[python] Python: Get HTTP headers from urllib2.urlopen call?

Actually, it appears that urllib2 can do an HTTP HEAD request.

The question that @reto linked to, above, shows how to get urllib2 to do a HEAD request.

Here's my take on it:

import urllib2

# Derive from Request class and override get_method to allow a HEAD request.
class HeadRequest(urllib2.Request):
    def get_method(self):
        return "HEAD"

myurl = 'http://bit.ly/doFeT'
request = HeadRequest(myurl)

try:
    response = urllib2.urlopen(request)
    response_headers = response.info()

    # This will just display all the dictionary key-value pairs.  Replace this
    # line with something useful.
    response_headers.dict

except urllib2.HTTPError, e:
    # Prints the HTTP Status code of the response but only if there was a 
    # problem.
    print ("Error code: %s" % e.code)

If you check this with something like the Wireshark network protocol analazer, you can see that it is actually sending out a HEAD request, rather than a GET.

This is the HTTP request and response from the code above, as captured by Wireshark:

HEAD /doFeT HTTP/1.1
Accept-Encoding: identity
Host: bit.ly
Connection: close
User-Agent: Python-urllib/2.7

HTTP/1.1 301 Moved
Server: nginx
Date: Sun, 19 Feb 2012 13:20:56 GMT
Content-Type: text/html; charset=utf-8
Cache-control: private; max-age=90
Location: http://www.kidsidebyside.org/?p=445
MIME-Version: 1.0
Content-Length: 127
Connection: close
Set-Cookie: _bit=4f40f738-00153-02ed0-421cf10a;domain=.bit.ly;expires=Fri Aug 17 13:20:56 2012;path=/; HttpOnly

However, as mentioned in one of the comments in the other question, if the URL in question includes a redirect then urllib2 will do a GET request to the destination, not a HEAD. This could be a major shortcoming, if you really wanted to only make HEAD requests.

The request above involves a redirect.
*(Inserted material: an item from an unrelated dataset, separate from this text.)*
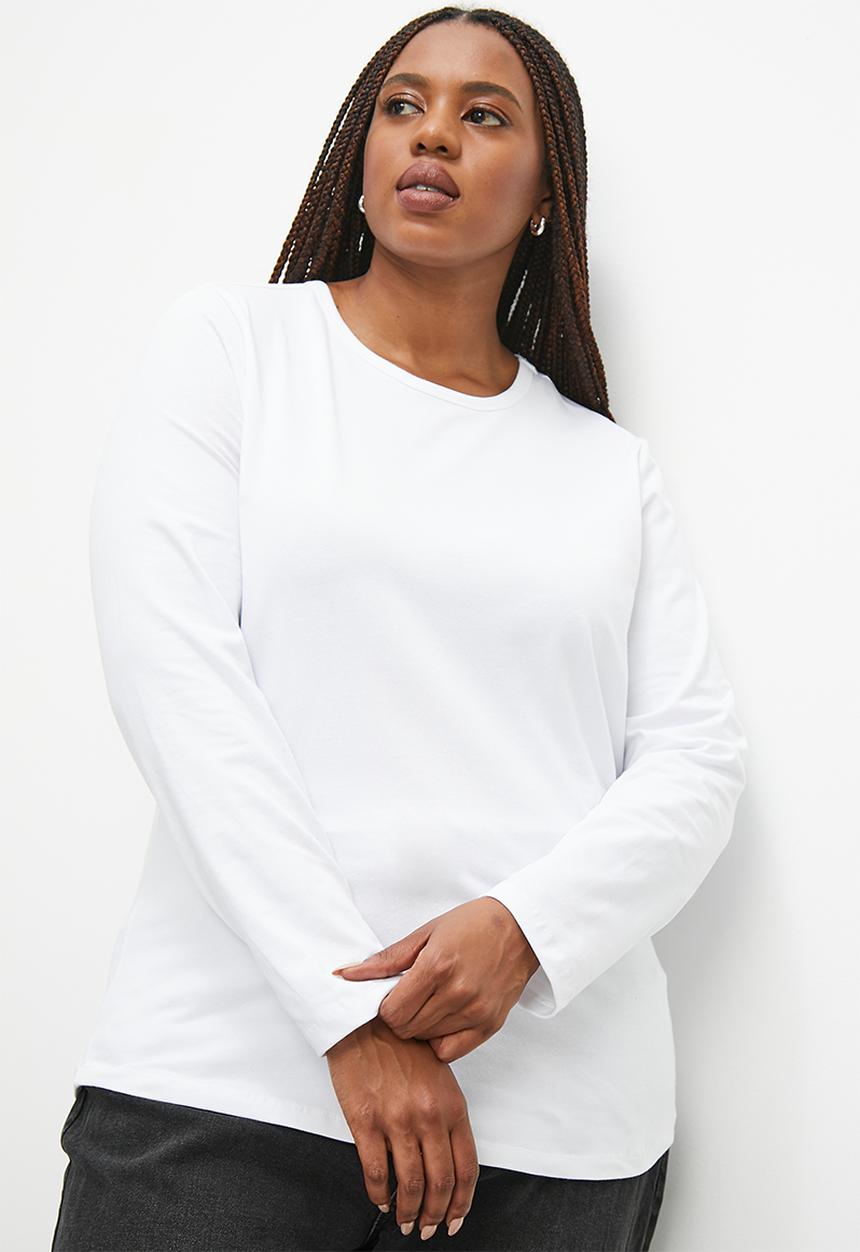 Superbalist - 2 pack long sleeve crew neck tops - black and white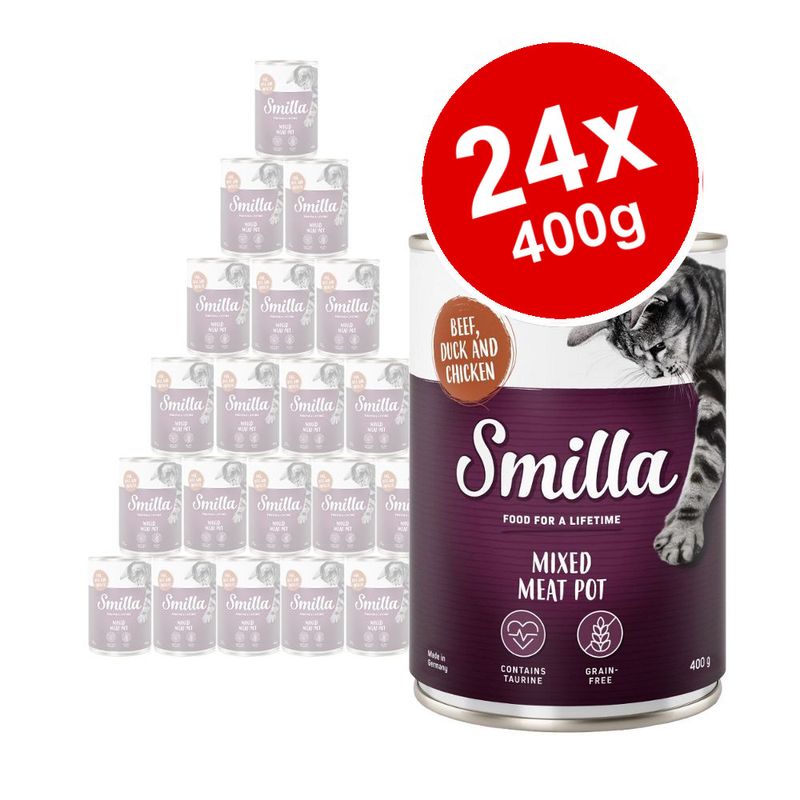 Smilla Mixed Meat Pot cat food, beef duck and chicken, 24 x 400g cans. Visible text: contains taurine, grain-free, made in Germany.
Here is request to the destination, as captured by Wireshark:

GET /2009/05/come-and-draw-the-circle-of-unity-with-us/ HTTP/1.1
Accept-Encoding: identity
Host: www.kidsidebyside.org
Connection: close
User-Agent: Python-urllib/2.7

An alternative to using urllib2 is to use Joe Gregorio's httplib2 library:

import httplib2

url = "http://bit.ly/doFeT"
http_interface = httplib2.Http()

try:
    response, content = http_interface.request(url, method="HEAD")
    print ("Response status: %d - %s" % (response.status, response.reason))

    # This will just display all the dictionary key-value pairs.  Replace this
    # line with something useful.
    response.__dict__

except httplib2.ServerNotFoundError, e:
    print (e.message)

This has the advantage of using HEAD requests for both the initial HTTP request and the redirected request to the destination URL.

Here's the first request:

HEAD /doFeT HTTP/1.1
Host: bit.ly
accept-encoding: gzip, deflate
user-agent: Python-httplib2/0.7.2 (gzip)

Here's the second request, to the destination:

HEAD /2009/05/come-and-draw-the-circle-of-unity-with-us/ HTTP/1.1
Host: www.kidsidebyside.org
accept-encoding: gzip, deflate
user-agent: Python-httplib2/0.7.2 (gzip)